AI and Intellectual Property: Training Data, Copyright, and Disclosure

AI Training and the Copyright Question

Every AI system that learns from data raises a copyright question: does the process of using existing content — text, images, code, music, databases — to train an AI model constitute an act that requires permission from the rights holder? The answer depends on the nature of the content, the purpose of the training, and the exceptions available under applicable copyright law.

The EU’s position on this question is shaped by two intersecting pieces of legislation: the Digital Single Market (DSM) Directive (Directive 2019/790), which established the text and data mining framework, and the EU AI Act, which imposes specific transparency and copyright compliance obligations on providers of general-purpose AI models.

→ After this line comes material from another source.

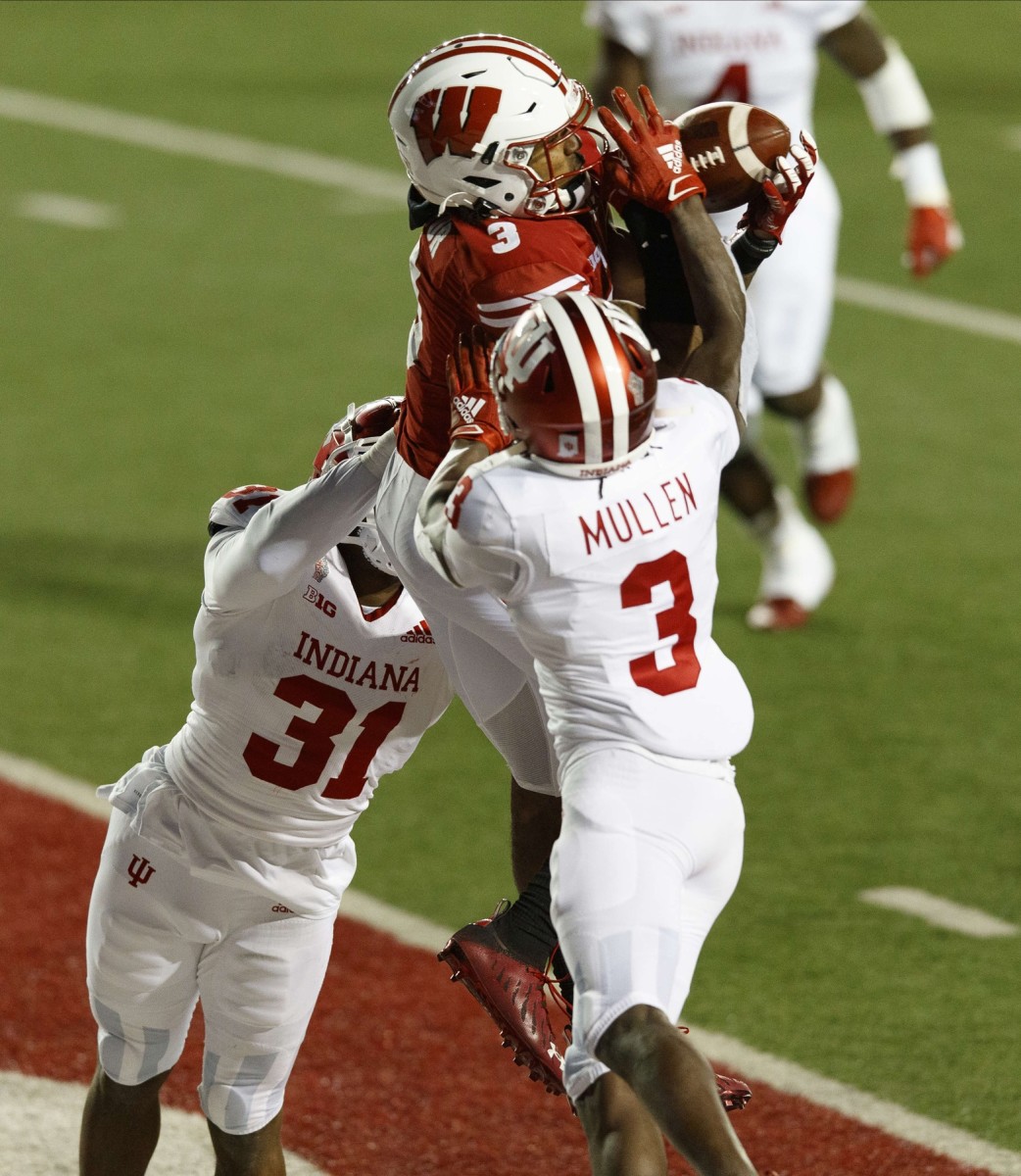 Indiana defensive backs Tiawan Mullen (3) and Bryant Fitzgerald (31) break up the pass intended for Wisconsin's Kendric Pryor.  (Jeff Hanisch-USA TODAY Sports)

Understanding how these frameworks interact is essential for three categories of stakeholders: AI developers who train models on third-party content, businesses that procure AI systems and need to assess IP risks in their supply chain, and content creators and rights holders who want to control whether their works are used for AI training.

‍

The Text and Data Mining Framework

The DSM Directive provides two exceptions that are relevant to AI training.

Article 3: TDM for research. Research organisations and cultural heritage institutions may carry out text and data mining (TDM) of works to which they have lawful access, for the purposes of scientific research. This exception is mandatory and cannot be overridden by contract. It applies to non-commercial research purposes.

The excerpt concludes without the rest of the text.